[Dataset excerpts]
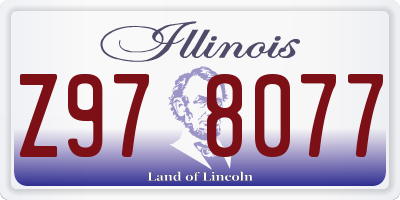 IL license plate Z978077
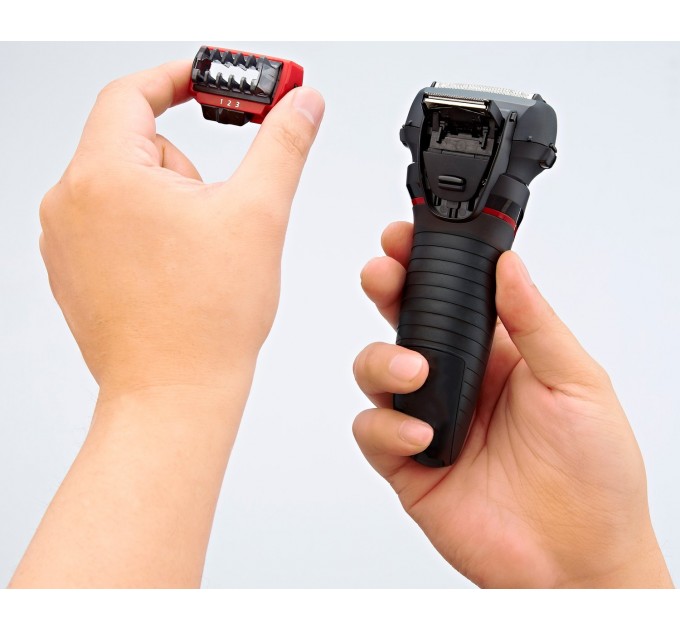 Бритва електр. Panasonic сеточная , 13000 об/мин, бритв.головок-3, Li-Ion, сух.+влажн., триммер, 2 насад.,док-станц. , черный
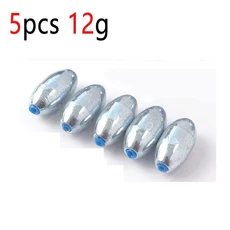 5/20개 알로이 에그 슬라이딩 싱커 중공 올리브 낚시 4~15g 탄소강 납 무게 러닝 보트, 06 5pcs 12g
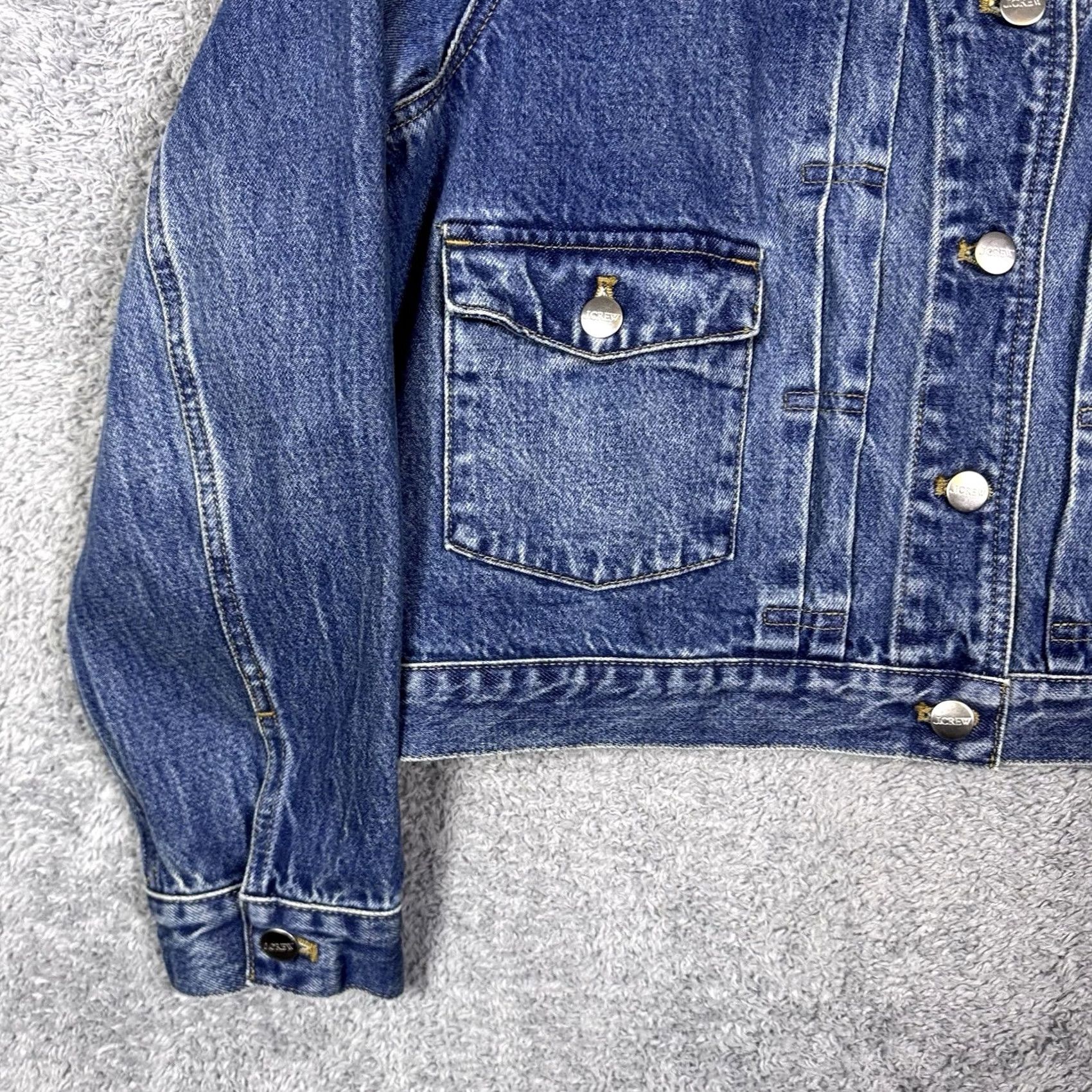 J.Crew J.Crew Denim Jacket Womens M Button Down Cropped Pleated Round Neck Short Sleeve? Size M / US 6-8 / IT 42-44 - 3 Thumbnail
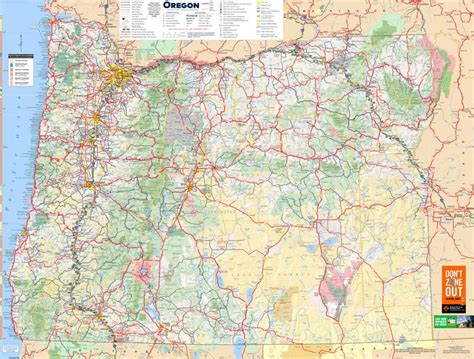 Large Detailed Tourist Map Of Oregon With Cities And Towns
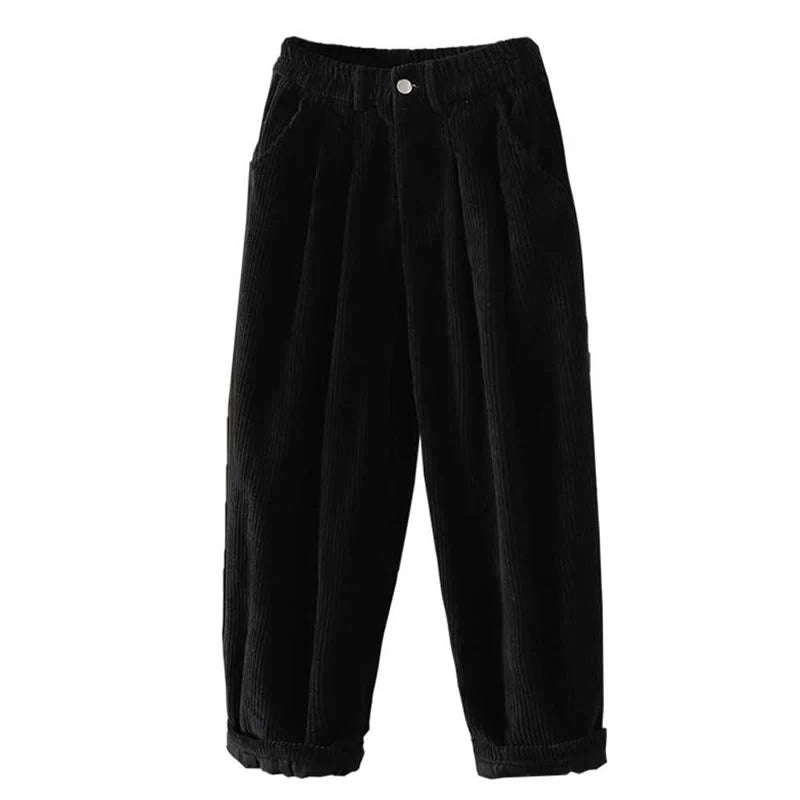 Buddha Stones Women's Winter Plain Corduroy Cotton High Waist Fleece-Lined Harem Pants With Pockets
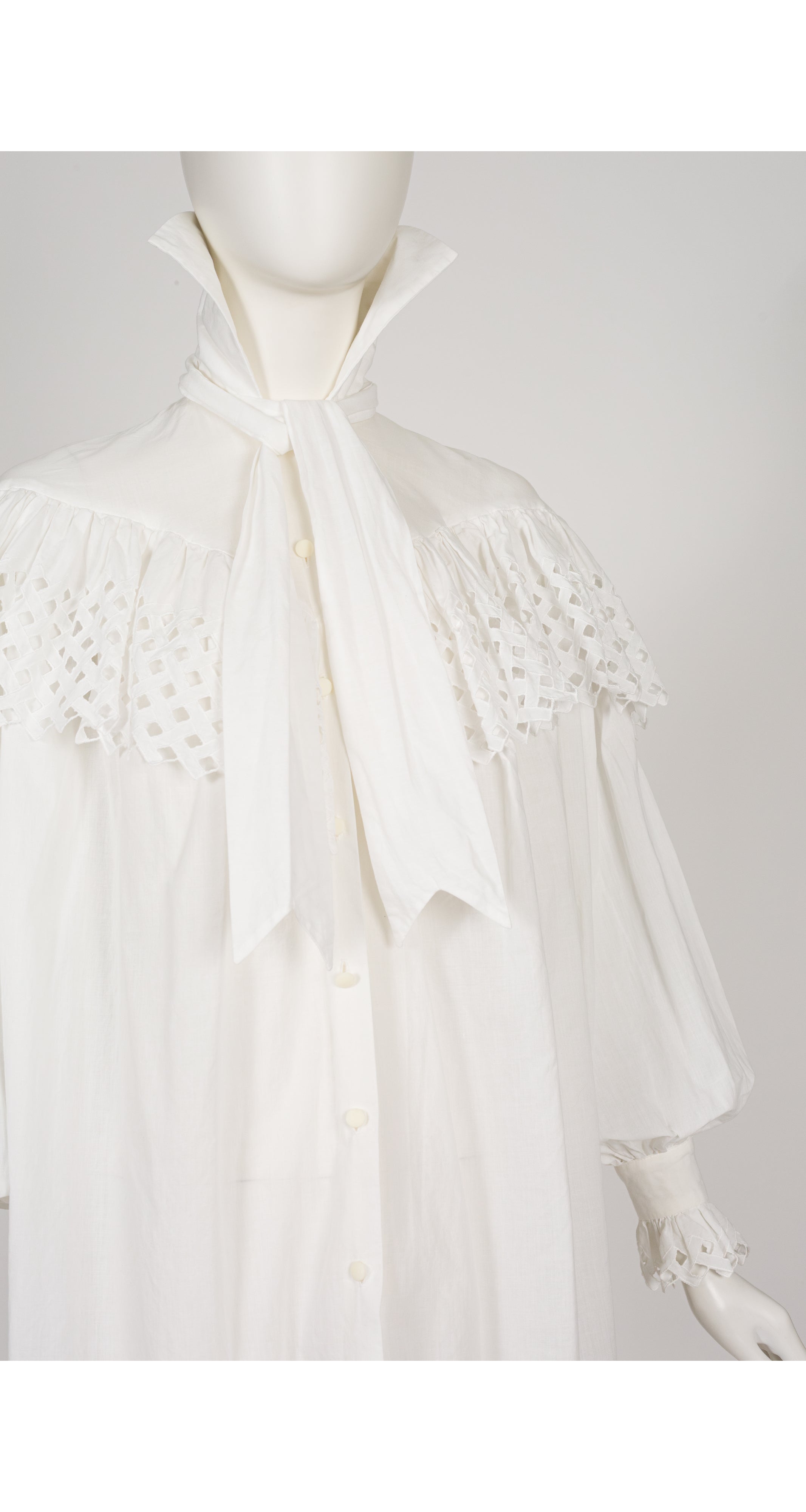 1983 S/S White Eyelet Cotton Ruffle Tie-Neck Blouse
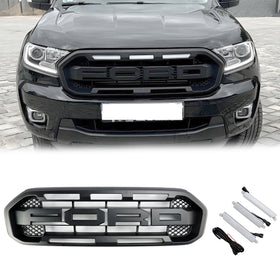 Ford Ranger 2019-2023 Grille de pare-chocs avant Raptor/Nid d'abeille/Grille noire de style maille avec 3 lumières LED blanches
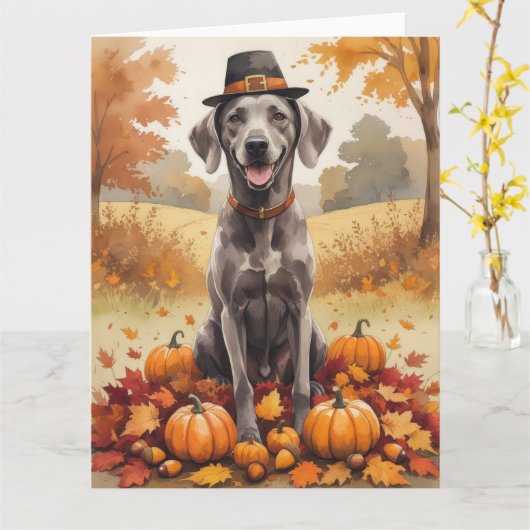 Weimaraner in de herfst verlaat Thanksgiving kunst Kaart (Gele Bloem)
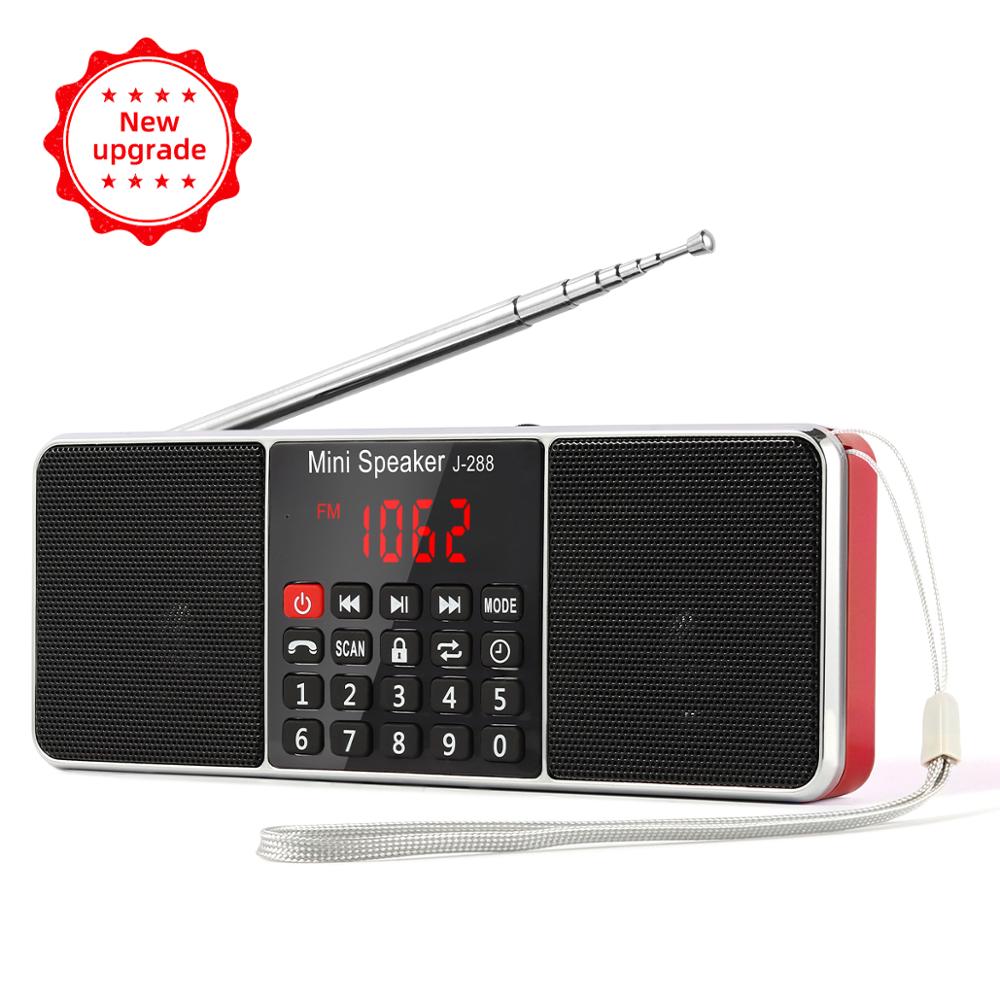 PRUNUS J288 Portable rechargeable Radio AM FM Stereo radio Receiver Bluetooth Speaker Support TF Card USB-disk AUX MP3 play: Red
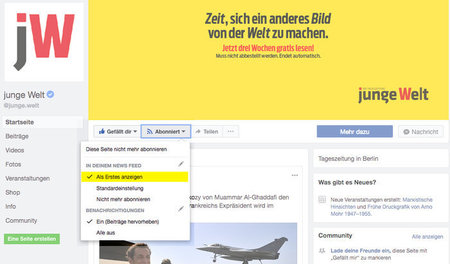 Ganz ohne »Community Manager«: jW bei Facebook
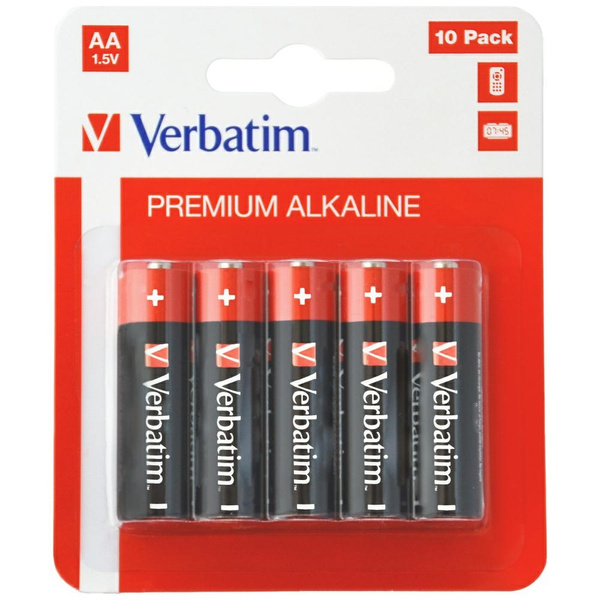 Verbatim Bateria alkaliczna AA LR6 10szt czarny 49875
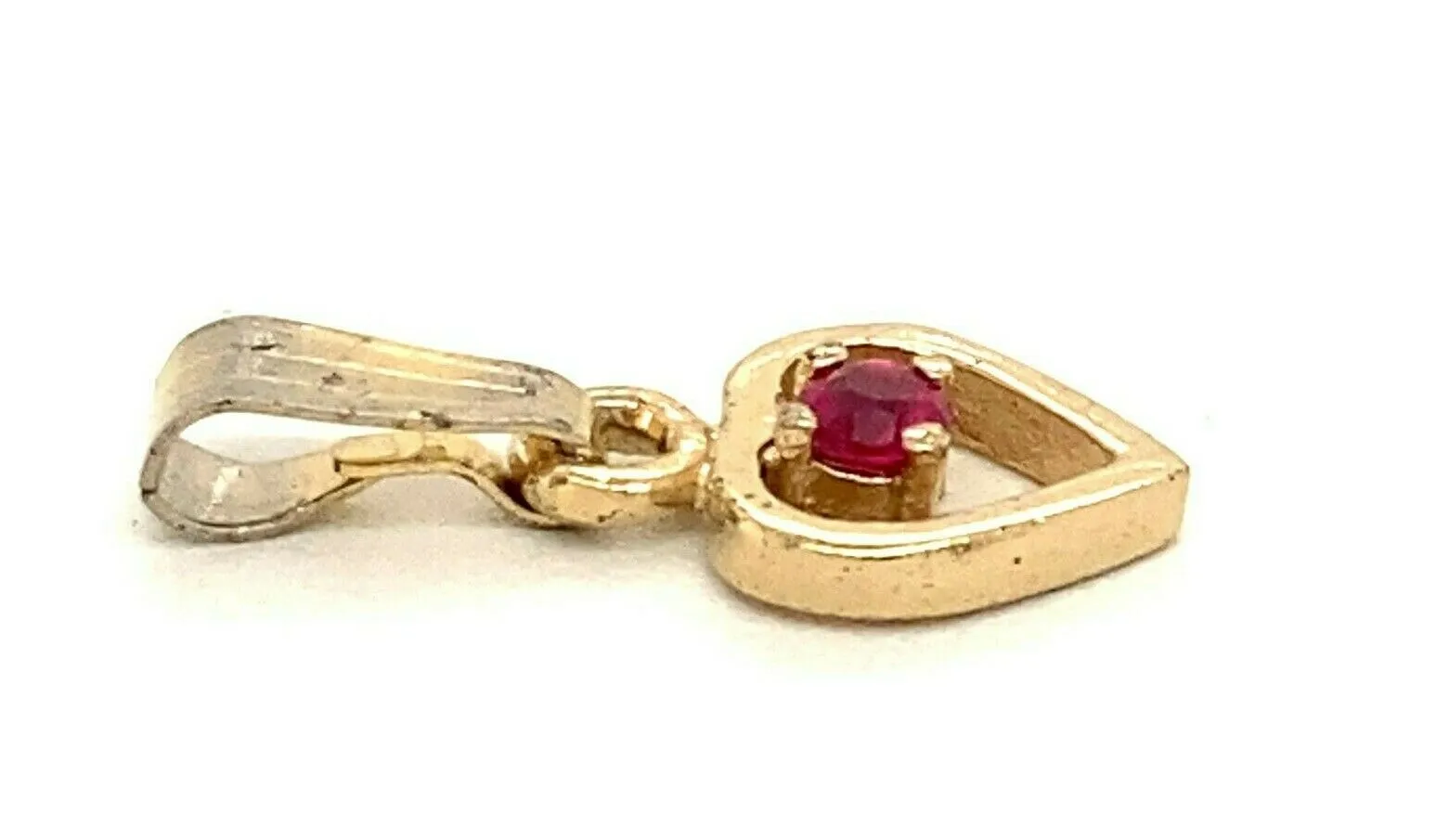 Ruby Yellow Gold Plated Heart Pendant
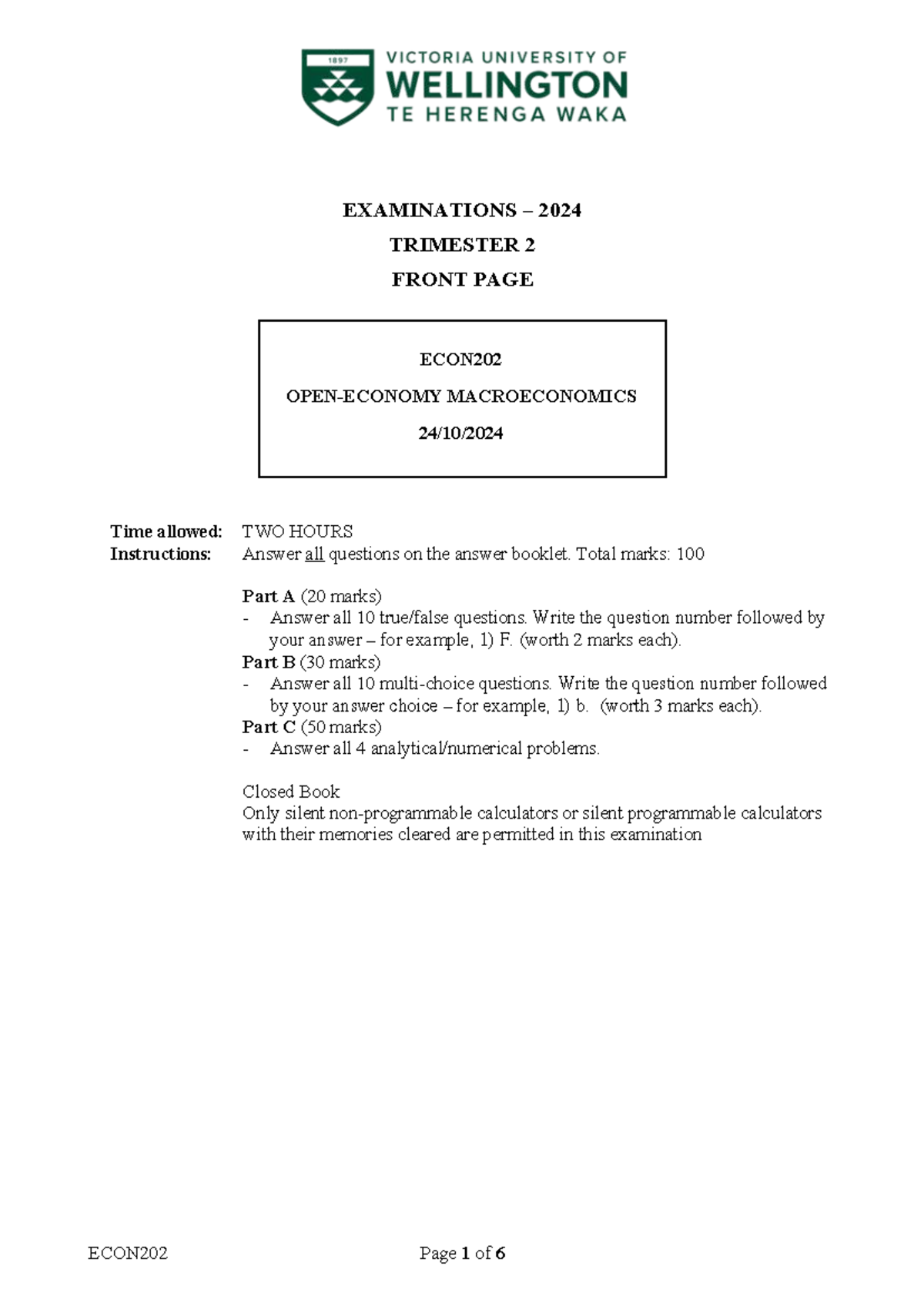 ECON202 Final Exam 2024 Trimester 2: Macroeconomics Overview - Studocu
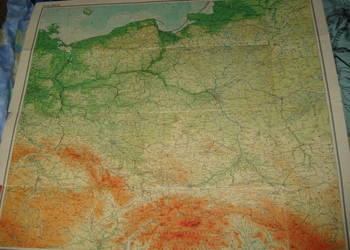 Mapa Polski w skali 1:1250 000.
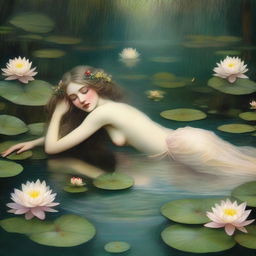 A vintage forest nymph is depicted laying down on her stomach next to a tranquil pond, looking longingly into the water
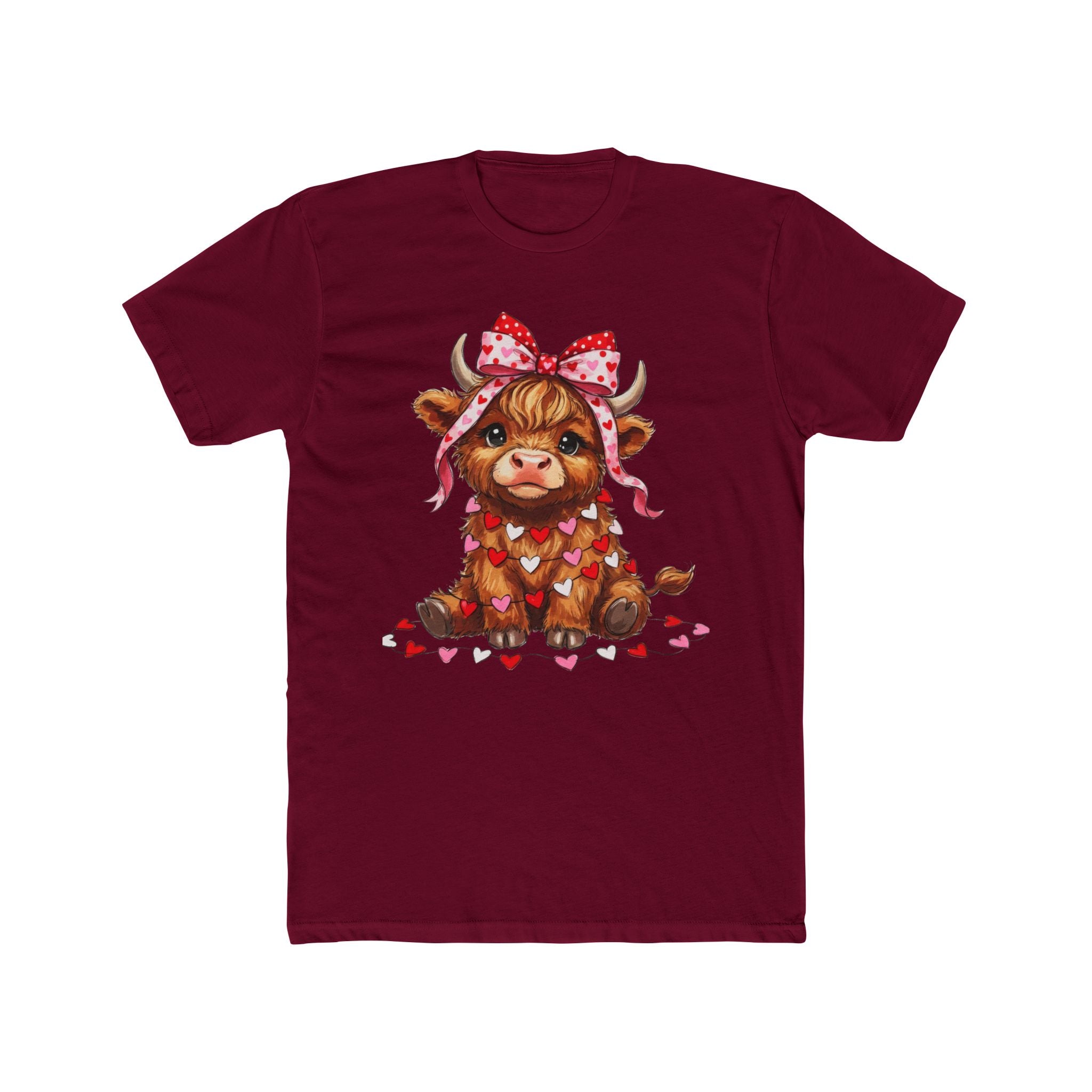 Valentine Highland Cow Tee — Cute Cow with Heart Garland & Bow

■ **Task statement**
Reproduce, word for word, only the lines in the records above from the line with "Ford Ranger 2019-2023" through the line with "Ruby Yellow Gold Plated Heart Pendant", including both ends; omit the pictures.

■ **Your solution**
 Ford Ranger 2019-2023 Grille de pare-chocs avant Raptor/Nid d'abeille/Grille noire de style maille avec 3 lumières LED blanches
 Weimaraner in de herfst verlaat Thanksgiving kunst Kaart (Gele Bloem)
 PRUNUS J288 Portable rechargeable Radio AM FM Stereo radio Receiver Bluetooth Speaker Support TF Card USB-disk AUX MP3 play: Red
 Ganz ohne »Community Manager«: jW bei Facebook
 Verbatim Bateria alkaliczna AA LR6 10szt czarny 49875
 Ruby Yellow Gold Plated Heart Pendant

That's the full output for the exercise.